Background information
- Born: Richard Ernest May 22 November 1943 Onehunga, Auckland, New Zealand
- Died: 1 June 1988 (aged 44) Sydney, New South Wales, Australia
- Genres: Jazz; pop;
- Occupations: Singer; musician; TV host; host; entertainer;
- Instruments: Vocals; drums; piano;
- Years active: 1959–1988
- Labels: La Gloria; RCE; WEA; Festival; ABC;

= Ricky May =

Australian jazz singer (1943–1988)

Richard Ernest May (22 November 1943 – 1 June 1988) was a New Zealand–born Australian jazz singer and musician, best known for singing cover versions of numerous pop songs or jazz standards. He moved to Australia in 1962 where he worked mainly in theatre and cabaret and had TV appearances on The Don Lane Show, The Midday Show and Hey Hey It's Saturday, as well as taking over hosting from Mike Walsh on pop music show Ten on the Town

==Biography ==

May was born as Richard Ernest May in New Zealand in Onehunga, Auckland, of Māori descent. His father, Keith May, was a jazz band leader and played alto saxophone. May grew up with his siblings, and from the age of 15 he performed at Picasso, a café/nightclub in Auckland. Apart from vocals, May played drums and piano but generally worked as a variety entertainer. He would introduce unconventional vocalisations, improvisation, and the spoken word into performance.

In 1961, jazz pianist Ronnie Smith set up a group to play at the Sorrento Club, Wellington. Smith's group had Tommy Tamati on bass guitar, and May joined on drums and backing vocals. May become a regular with the group and sometimes provided lead vocals. Bruno Lawrence, an English-born jazz musician who was regularly in the audience, often got up to play the drums when May sang lead. The group worked for about a year and toured southern North Island.

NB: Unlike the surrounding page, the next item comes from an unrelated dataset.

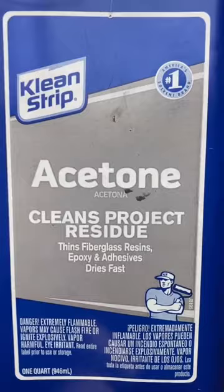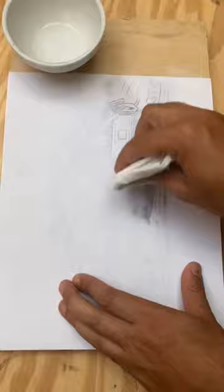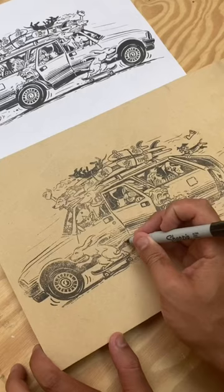In a well-vented room, pour out a little acetone. Using a paper towel, dip it in the acetone and go over the surface of your image, making sure to put a lot of pressure. Now you can peel it off and touch up any missing lines with a Sharpie.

At the end of 1961, May returned to Auckland and signed with Harry M. Miller's La Gloria label, which released his debut single in 1961, a cover version of the Chubby Checker hit "Let's Twist Again". He followed with "I Could Have Danced All Night" from My Fair Lady in 1962. During that year, he relocated to Sydney and primarily worked in cabaret. He recorded compositions of Nat King Cole and appeared on Australian TV shows The Don Lane Show, Farnham and Byrne (co-hosted by John Farnham and Debra Byrne), and made regular appearances on The Midday Show.

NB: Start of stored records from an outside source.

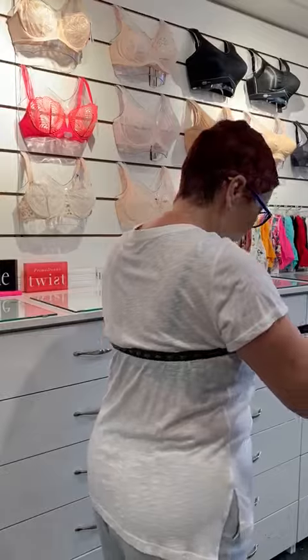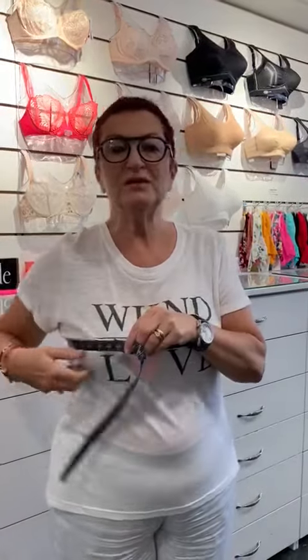Then with the same tape, in the same place around where the bra would go, you go at the fullest or largest part of your breast — your nipples — and you go very loose. So it shows 42. Those are the two numbers that I need in order to help you choose your size.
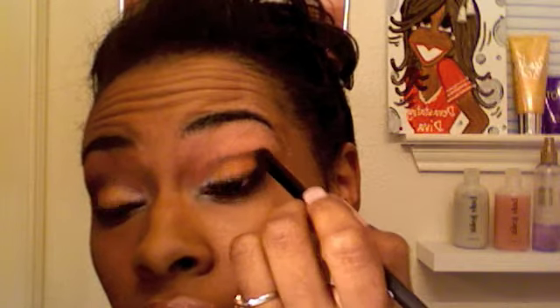Now I'm going to take my 120 palette, the side with all the pinks, purples, grays, and blacks. I'm going to take my Elf Contour brush. Sorry about the interruption — it stopped recording in the middle of the recording. So we're taking this gray with our Elf Stiff Contour Brush. I already started kind of doing it, but I'm going to go right here with the dark gray.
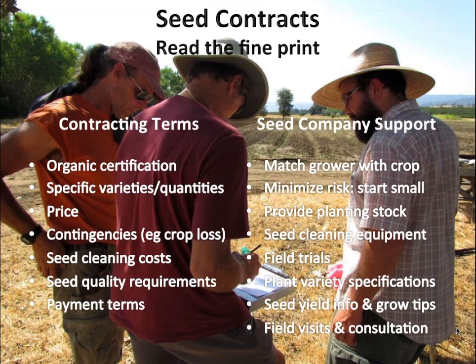All of those things are really important when you are considering this, because it's a big investment and you don't want to get stung too badly — it's hard enough for growers. Take a conservative approach when you are thinking about expanding. Thanks, my time's up.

In 1966, May released another single, "This Little Boy's Gone Rockin'", via RCA (Bluebird Records). From March of that year, he hosted the Sydney teen pop music TV series Ten on the Town on TEN-10. It ran in direct competition with Bandstand on TCN-9 and Col Joye on ATN-7. Walter Learning of The Canberra Times compared the three shows, which "vie for the younger audience" and found that "Bandstand must win hands down" as Col Joye "has no life" and May's show "suffers from over effort on the part of all concerned."

He issued no further recordings until 1973: a double album with the Julian Lee Orchestra, Fats Enough, on ABC records.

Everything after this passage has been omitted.